Some efficacy has been demonstrated in some individuals at a dose of 50 mg/day over a period of 12 weeks. No data showing efficacy beyond 12 weeks have been submitted.

Malaria chemoprophylaxis.

100 mg once a day; commencing two days prior to entering malarious areas, while in the malarious area and for four weeks after leaving the malarious area. A maximum of 100 mg daily for eight weeks is recommended, as safety after eight weeks has not been clearly established (see Section 5 Pharmacological Properties; Section 4.1 Therapeutic Indications about combination with other antimalarial agents for prophylaxis against P. vivax).

4.3 Contraindications

Hypersensitivity to any of the tetracyclines or any of the excipients of doxycycline tablets.
Use in pregnancy (16 weeks post conception) and use in lactation are contraindicated (see Section 4.6 Fertility, Pregnancy and Lactation).
Rare cases of benign intracranial hypertension have been reported after tetracyclines and oral retinoids such as isotretinoin or etretinate and Vitamin A. Concomitant treatment is therefore contraindicated (see Section 4.4 Special Warnings and Precautions for Use; Section 4.8 Adverse Effects (Undesirable Effects)).
The concurrent use of tetracyclines and methoxyflurane has been reported to result in fatal renal toxicity (see Section 4.5 Interactions with Other Medicines and Other Forms of Interactions).

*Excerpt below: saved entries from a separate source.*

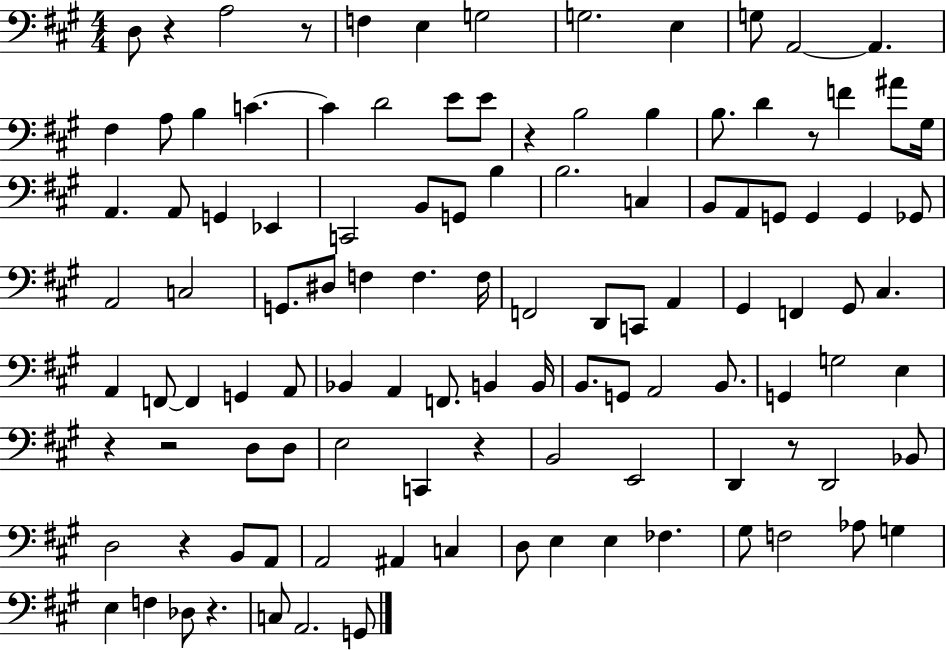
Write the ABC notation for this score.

X:1
T:Untitled
M:4/4
L:1/4
K:A
D,/2 z A,2 z/2 F, E, G,2 G,2 E, G,/2 A,,2 A,, ^F, A,/2 B, C C D2 E/2 E/2 z B,2 B, B,/2 D z/2 F ^A/2 ^G,/4 A,, A,,/2 G,, _E,, C,,2 B,,/2 G,,/2 B, B,2 C, B,,/2 A,,/2 G,,/2 G,, G,, _G,,/2 A,,2 C,2 G,,/2 ^D,/2 F, F, F,/4 F,,2 D,,/2 C,,/2 A,, ^G,, F,, ^G,,/2 ^C, A,, F,,/2 F,, G,, A,,/2 _B,, A,, F,,/2 B,, B,,/4 B,,/2 G,,/2 A,,2 B,,/2 G,, G,2 E, z z2 D,/2 D,/2 E,2 C,, z B,,2 E,,2 D,, z/2 D,,2 _B,,/2 D,2 z B,,/2 A,,/2 A,,2 ^A,, C, D,/2 E, E, _F, ^G,/2 F,2 _A,/2 G, E, F, _D,/2 z C,/2 A,,2 G,,/2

4.4 Special Warnings and Precautions for Use

The use of antibiotics may occasionally result in overgrowth of non-susceptible organisms, including fungi. If superinfection occurs, the antibiotic should be discontinued and appropriate therapy instituted.

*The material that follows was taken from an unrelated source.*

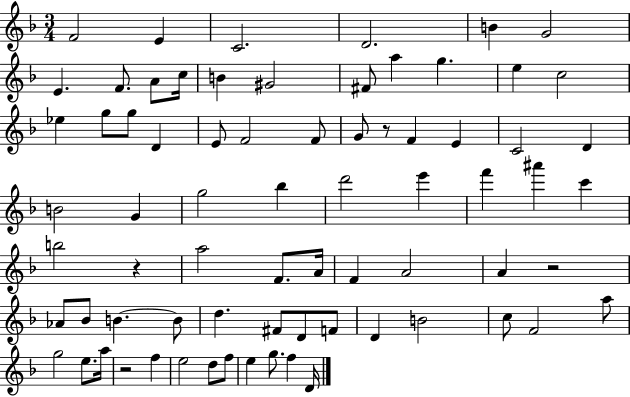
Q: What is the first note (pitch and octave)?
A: F4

Intracranial hypertension.

Intracranial hypertension (IH) has been associated with the use of tetracyclines including doxycycline (see Section 4.3 Contraindications; Section 4.8 Adverse Effects (Undesirable Effects)). The use of tetracyclines in infants, even in the usual therapeutic doses, may cause increased intracranial pressure and bulging of the fontanelles. Women of childbearing age who are overweight or have a history of IH are at greater risk for developing tetracycline associated IH. Clinical manifestations include headache, blurred vision, diplopia and vision loss. Although intracranial hypertension typically resolves after discontinuation of treatment, the possibility for permanent visual loss exists. If visual disturbance occurs during treatment, prompt ophthalmologic evaluation is warranted. Discontinuation of therapy typically results in prompt return of the pressure to normal. However, since intracranial pressure can remain elevated for weeks after drug cessation patients should be monitored until they stabilise.

Photosensitivity.

Photosensitivity manifested by an exaggerated sunburn reaction has been observed in some individuals taking tetracyclines. Patients likely to be exposed to direct sunlight or ultraviolet light should be advised that this reaction can occur with tetracycline drugs, and treatment should be discontinued at the first evidence of skin erythema.

Use in renal impairment.

The anti-anabolic action of the tetracyclines may cause an increase in serum urea. Studies to date indicate that this does not occur with the use of doxycycline in patients with impaired renal function.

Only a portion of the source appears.